Christmas Is…Good Things to Eat A collection of recipes compiled by TORCH Business and Professional Woman’s Club, Danville, Virginia (1976 dated from reference to the bicentennial)
This is a slim cookbook but they fit a lot of recipes on each page. I’m actually not a huge Christmas person but I love single subject cookbooks.

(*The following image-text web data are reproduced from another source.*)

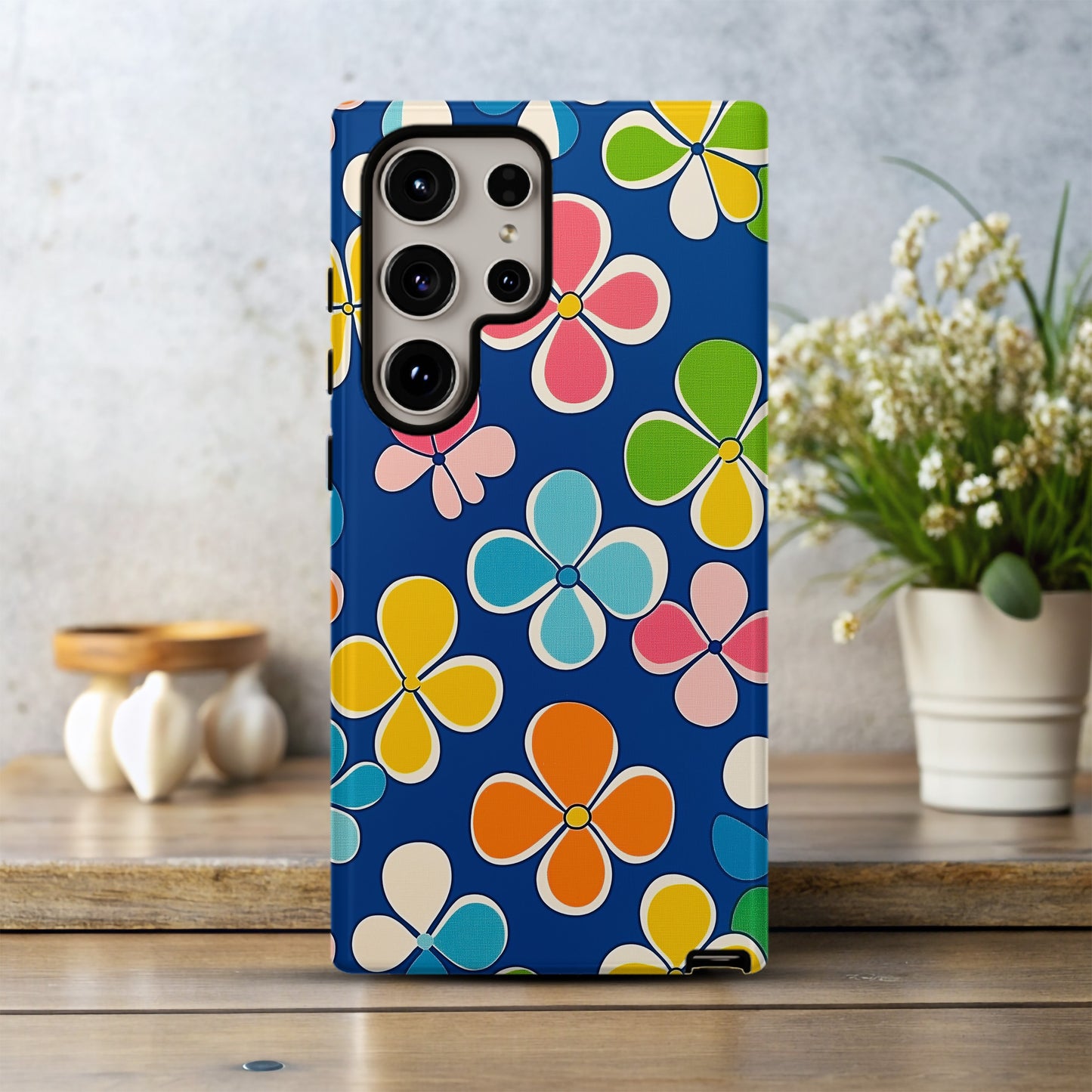 Retro Bloom Pop Case – 60s Mod Floral Vibe in Bold Colors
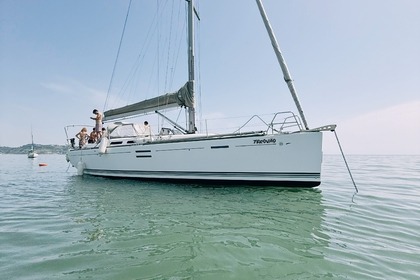 Hire Sailboat Dufour 40 E Performance Lisbon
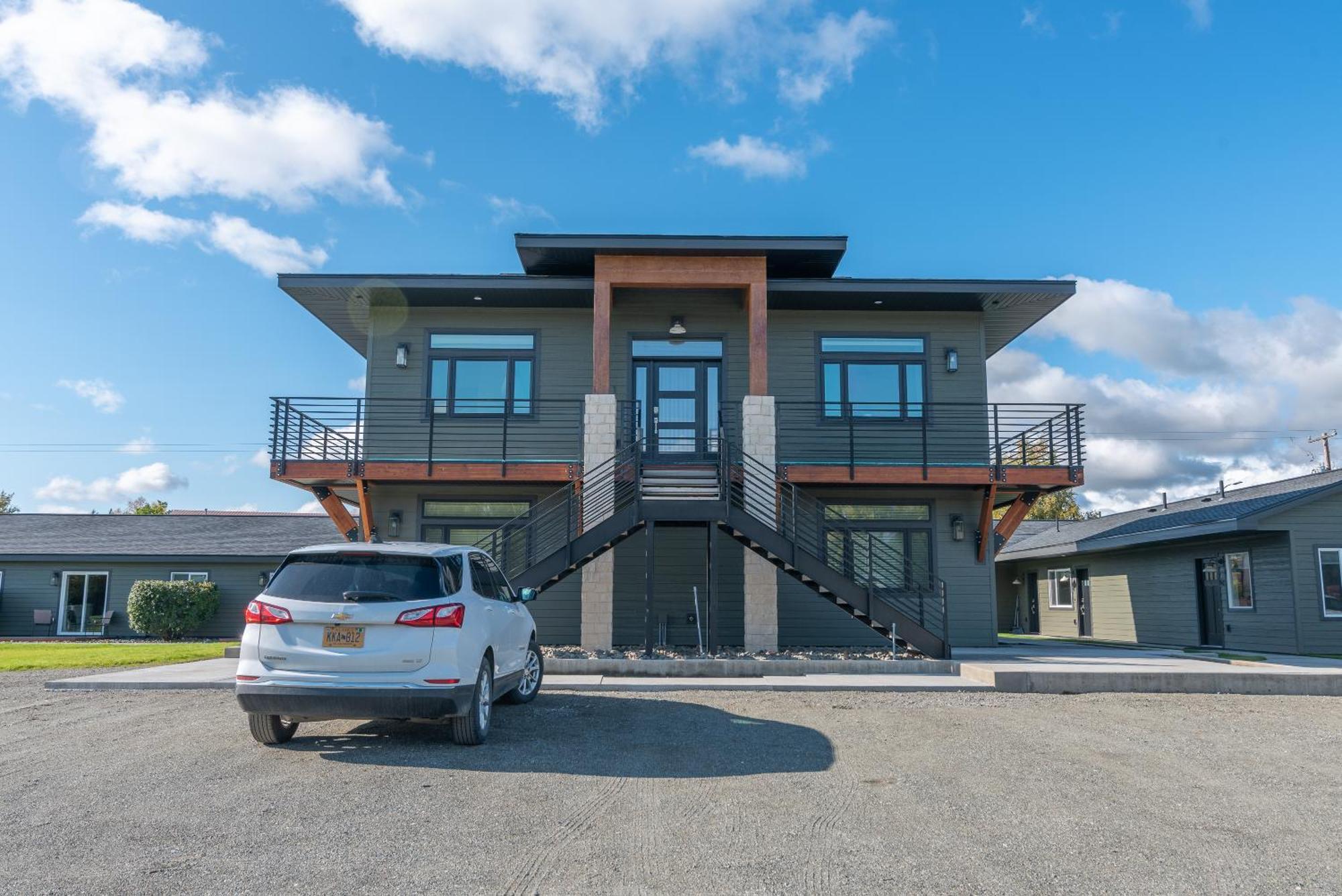 Colony Suites Palmer Exterior photo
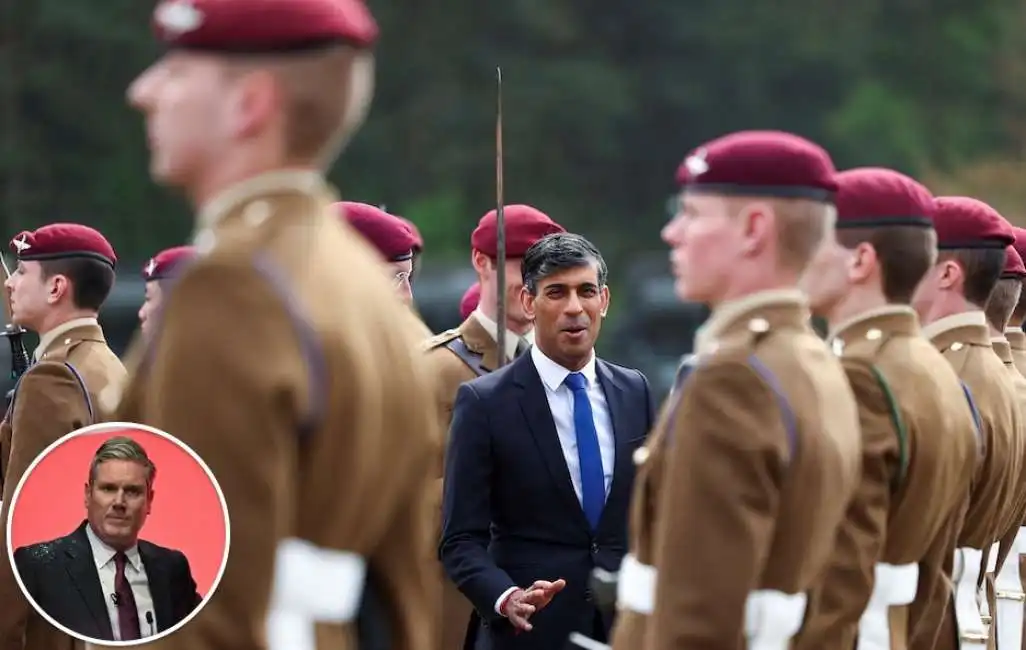 rishi sunak con i militari inglesi keir starmer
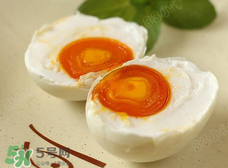 咸鴨蛋放久了還能吃嗎？咸鴨蛋放臭了還能吃嗎？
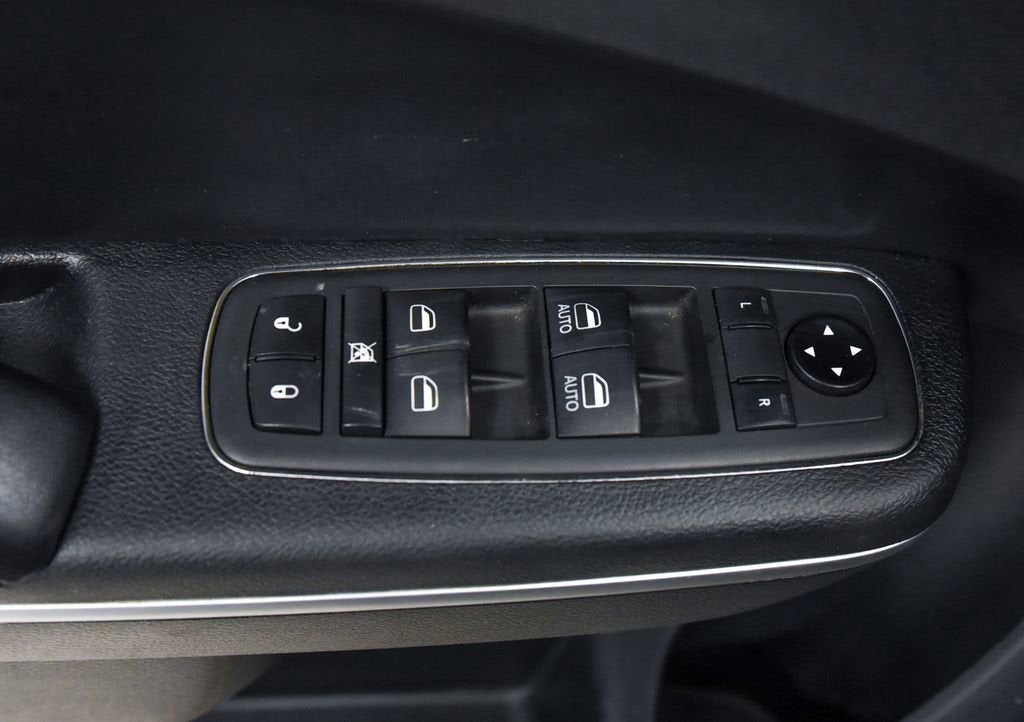 2019 Chrysler 300 Touring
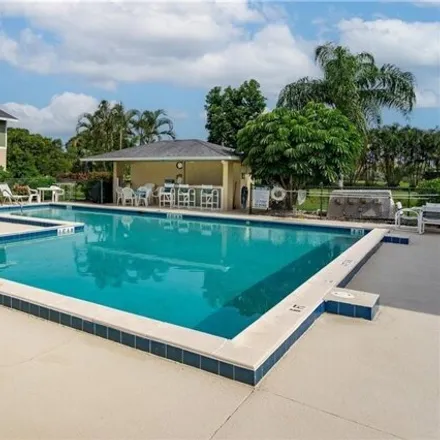 Image 2 - 5504 Rattlesnake Hammock Road, Lely Country Club, Collier County, FL 34113, USA - Condo for rent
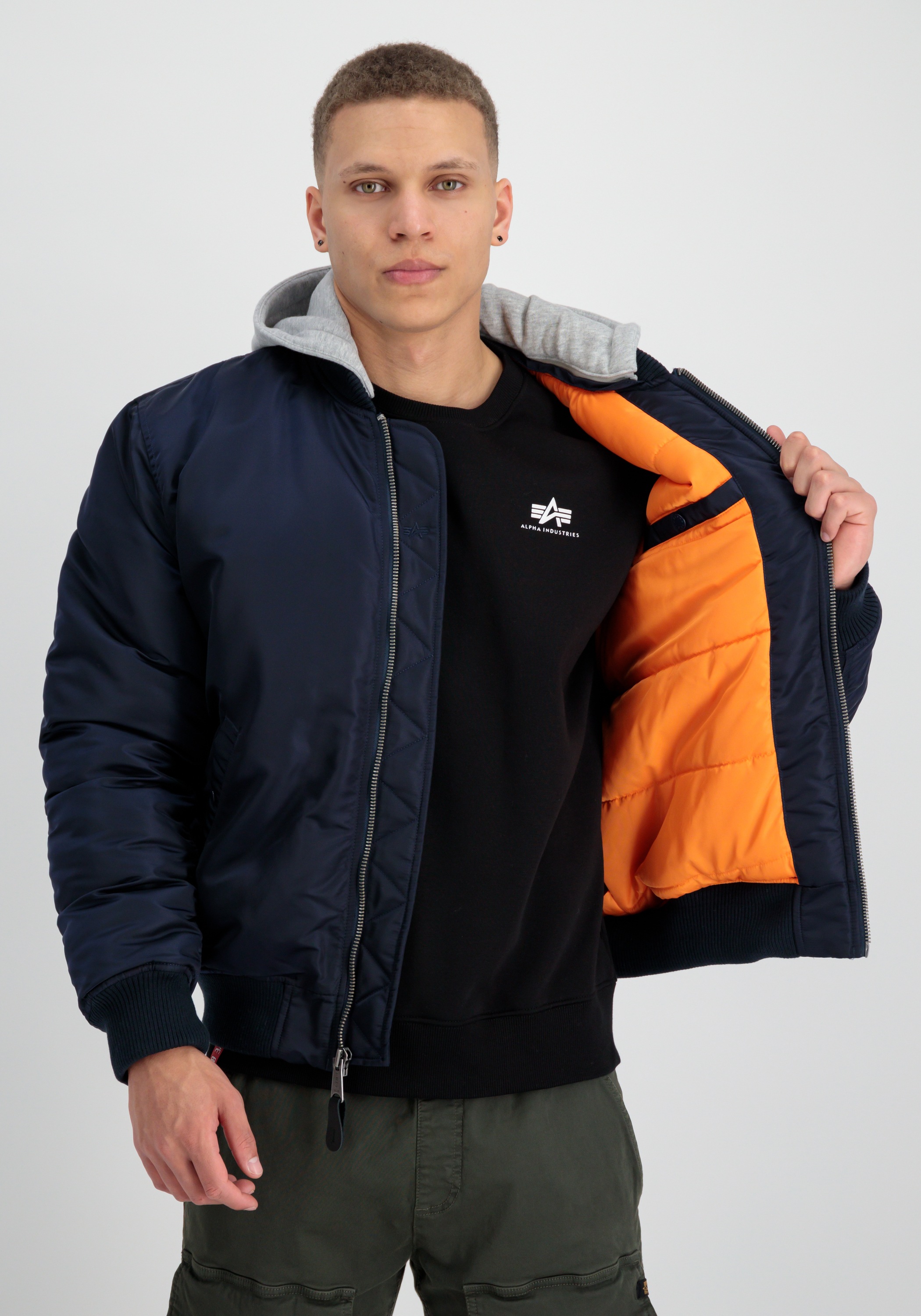 Alpha Industries Bomberjacke »Alpha Industries Men - Bomber Jackets MA-1 Zip Hood Back EMB«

This one has a lot of the ususual cookie, appetizer and main dish recipes but also some recipes with descriptions of how to make them even more festive by arranging the ingredients in the shape of a wreath (Elizabeth Hardy’s Christmas Snack Wreath) and the classic cornflake and marshmallow wreath cookies (Ruth Scott’s Christmas Wreath).
Some real classics I don’t see a lot like Anne Branham’s Old-Time Popcorn Balls and Dorothy Walker’s Cranberry Punch were included.
There were some “Last Minute Hostess Gifts” like Letty Shultz’s Potpourri Relish with cauliflower, pimento, olives and celery and a scary “recipe” for “Dancing Mothballs” by Marguerite Motley which was a “pretty–conversation piece not to eat” and involves a brandy snifter, mothballs and vinegar. I truly can’t imagine that.
There were a few historical recipes from the Home Comfort Range Cook Book of 1887 for things like muffins and Letty Shultz contributed a recipe for Mary Ball Washington’s Gingerbread which she says is perfect for the bicentennial (which helped me date the book) and says the recipe was found in a “old worn cookery book” and that “Many descendants of Mary Washington (mother to the president) have this recipe.”. There was also a reference to LBJ which also helped set the date for the book. A lot of these community cookbooks, like this one, have a look thanks to the text and stock illustrations that make them look older than their are so it’s nice to have a clue when they aren’t explicitly dated.
There is even a recipe for Snow Cream (no contributor listed) that calls for SNOW!